To prevent divisions within the Byzantine forces, Belisarius showed Narses the letter of appointment by the Emperor Justinian, stating Narses was his subordinate and as such he should follow his command "in the best interests of the state". Narses disregarded the letter because, in his view, Belisarius was not acting in the best interests of the state.

== Siege ==
In 538, Belisarius split his forces to besiege Urbinus and Urviventus. The town of Urbinus stood on a round, steep hill, which made any attempt to take it by force more challenging. Upon arrival at Urbinus, Belisarius's army set up camp at the east side of the town. The forces under Narses and John joined him in the siege. They set up camp on the west side of the town, undermining Belisarius's authority.

Belisarius sent envoys offering the garrison a chance to surrender. The envoys stood in front of the city gates, as they were not allowed to enter, and negotiated with the Gothic garrison. The Goths refused the offer as they were confident of their position and the abundance of their provisions. After negotiations failed, John declared the city could not be taken, and Narses agreed with him. During the night, they abandoned the siege and moved to Ariminum despite pleas from Belisarius.

The following morning, the Goth soldiers taunted Belisarius for losing half of the army. Belisarius started preparing to assault the town with the construction of siege engines and a colonnade (vinea in Roman parlance). As the Byzantines were preparing for the assault, the spring that supplied the town with fresh water suddenly failed, which disturbed the Gothic garrison. When the Byzantine troops advanced to assault the city, the Goths appeared on the walls and surrendered to Belisarius. The surrender took place in mid-December 538.

== Aftermath ==
Belisarius accepted the surrender of the Goths as subjects of the emperor and equal to the Byzantine soldiers, which, according to historian Ilkka Syvänne, meant Belisarius recruited 2,500 Goths into his army. Astonished by such success, Narses sent John to capture Caesena, but this assault failed. John then moved to and captured Forocornelius. After the siege of Urbinus, Belisarius moved to support the siege of Urviventus, which was captured shortly after.

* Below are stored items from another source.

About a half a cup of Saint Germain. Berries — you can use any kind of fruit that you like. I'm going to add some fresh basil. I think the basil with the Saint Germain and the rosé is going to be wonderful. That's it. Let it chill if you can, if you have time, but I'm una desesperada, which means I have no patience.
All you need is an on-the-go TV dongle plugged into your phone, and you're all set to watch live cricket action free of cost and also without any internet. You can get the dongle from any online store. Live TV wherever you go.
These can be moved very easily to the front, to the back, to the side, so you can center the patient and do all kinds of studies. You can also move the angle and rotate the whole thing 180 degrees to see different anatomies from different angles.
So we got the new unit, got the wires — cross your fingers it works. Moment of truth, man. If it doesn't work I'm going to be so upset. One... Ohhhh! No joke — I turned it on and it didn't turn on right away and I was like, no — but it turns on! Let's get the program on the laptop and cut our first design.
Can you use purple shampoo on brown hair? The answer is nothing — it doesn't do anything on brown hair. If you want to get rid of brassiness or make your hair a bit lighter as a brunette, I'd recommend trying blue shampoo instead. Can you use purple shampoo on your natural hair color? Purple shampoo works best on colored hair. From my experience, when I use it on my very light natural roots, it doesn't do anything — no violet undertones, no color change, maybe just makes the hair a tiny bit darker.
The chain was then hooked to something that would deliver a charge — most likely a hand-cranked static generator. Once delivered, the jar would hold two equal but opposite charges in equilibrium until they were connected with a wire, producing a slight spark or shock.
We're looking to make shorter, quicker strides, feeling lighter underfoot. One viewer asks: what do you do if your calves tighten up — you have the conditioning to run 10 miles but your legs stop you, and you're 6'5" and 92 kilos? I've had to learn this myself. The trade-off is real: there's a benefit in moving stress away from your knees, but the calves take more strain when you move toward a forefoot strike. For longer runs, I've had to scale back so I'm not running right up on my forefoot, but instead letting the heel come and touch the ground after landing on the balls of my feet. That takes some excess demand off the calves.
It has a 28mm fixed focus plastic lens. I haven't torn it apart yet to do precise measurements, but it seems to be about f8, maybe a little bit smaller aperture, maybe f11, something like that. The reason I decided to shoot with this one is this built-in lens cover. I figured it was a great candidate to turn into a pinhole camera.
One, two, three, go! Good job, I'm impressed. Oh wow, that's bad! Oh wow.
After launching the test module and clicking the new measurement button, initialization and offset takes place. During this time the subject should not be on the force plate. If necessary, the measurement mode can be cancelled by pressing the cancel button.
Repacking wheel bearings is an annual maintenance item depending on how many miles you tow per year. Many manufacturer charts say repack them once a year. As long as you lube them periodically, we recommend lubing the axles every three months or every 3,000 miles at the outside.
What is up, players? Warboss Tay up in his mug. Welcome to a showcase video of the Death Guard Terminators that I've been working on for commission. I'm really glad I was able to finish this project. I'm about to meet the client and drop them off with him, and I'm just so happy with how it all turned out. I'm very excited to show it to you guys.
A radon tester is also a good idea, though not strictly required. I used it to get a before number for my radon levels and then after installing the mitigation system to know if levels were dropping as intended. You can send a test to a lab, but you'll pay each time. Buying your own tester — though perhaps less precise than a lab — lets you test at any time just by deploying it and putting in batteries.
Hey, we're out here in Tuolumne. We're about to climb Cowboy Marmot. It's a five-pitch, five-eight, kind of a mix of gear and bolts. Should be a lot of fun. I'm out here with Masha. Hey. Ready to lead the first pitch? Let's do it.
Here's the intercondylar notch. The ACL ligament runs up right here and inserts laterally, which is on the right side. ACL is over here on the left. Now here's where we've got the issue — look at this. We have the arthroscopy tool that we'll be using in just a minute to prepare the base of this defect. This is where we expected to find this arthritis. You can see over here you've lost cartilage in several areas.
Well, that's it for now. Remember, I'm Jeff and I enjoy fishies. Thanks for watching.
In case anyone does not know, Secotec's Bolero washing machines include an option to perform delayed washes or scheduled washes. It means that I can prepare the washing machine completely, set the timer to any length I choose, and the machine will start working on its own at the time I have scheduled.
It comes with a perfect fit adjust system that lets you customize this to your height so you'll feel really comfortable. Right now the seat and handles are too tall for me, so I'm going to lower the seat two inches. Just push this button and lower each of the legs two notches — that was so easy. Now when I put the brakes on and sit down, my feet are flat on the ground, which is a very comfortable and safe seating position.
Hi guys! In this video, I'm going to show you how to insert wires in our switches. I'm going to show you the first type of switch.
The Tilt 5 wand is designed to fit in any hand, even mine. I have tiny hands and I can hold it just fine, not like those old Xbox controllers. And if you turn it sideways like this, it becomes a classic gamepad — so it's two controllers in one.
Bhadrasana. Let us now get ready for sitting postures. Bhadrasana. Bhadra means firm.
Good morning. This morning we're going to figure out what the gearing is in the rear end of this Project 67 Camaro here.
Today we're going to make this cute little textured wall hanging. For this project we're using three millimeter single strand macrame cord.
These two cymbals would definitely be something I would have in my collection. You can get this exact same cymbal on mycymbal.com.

Despite sporadic success, the divided Byzantine forces became ineffective, leading to the loss of the city of Mediolanum (modern-day Milan) to the Goths in early 539. Procopius recorded that the Goths executed 300,000 men, their women sold to Burgundians, and the city was razed to the ground. Justinian recalled Narses to Constantinople, leaving Belisarius in command of the Byzantine forces in Italy.